— RAW DATA —
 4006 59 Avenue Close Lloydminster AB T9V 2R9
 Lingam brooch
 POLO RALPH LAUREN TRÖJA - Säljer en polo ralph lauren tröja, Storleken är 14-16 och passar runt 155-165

==

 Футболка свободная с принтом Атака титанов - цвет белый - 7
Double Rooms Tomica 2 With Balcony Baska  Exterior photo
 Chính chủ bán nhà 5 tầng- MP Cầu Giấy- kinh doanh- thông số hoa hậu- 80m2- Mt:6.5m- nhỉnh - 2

— TASK BRIEF —
Once you reach the line with "4006 59 Avenue Close Lloydminster AB T9V 2R9" in the data above, copy it and every line after it exactly, up to and including the line with "POLO RALPH LAUREN TRÖJA - Säljer".

— TASK OUTPUT —
 4006 59 Avenue Close Lloydminster AB T9V 2R9
 Lingam brooch
 POLO RALPH LAUREN TRÖJA - Säljer en polo ralph lauren tröja, Storleken är 14-16 och passar runt 155-165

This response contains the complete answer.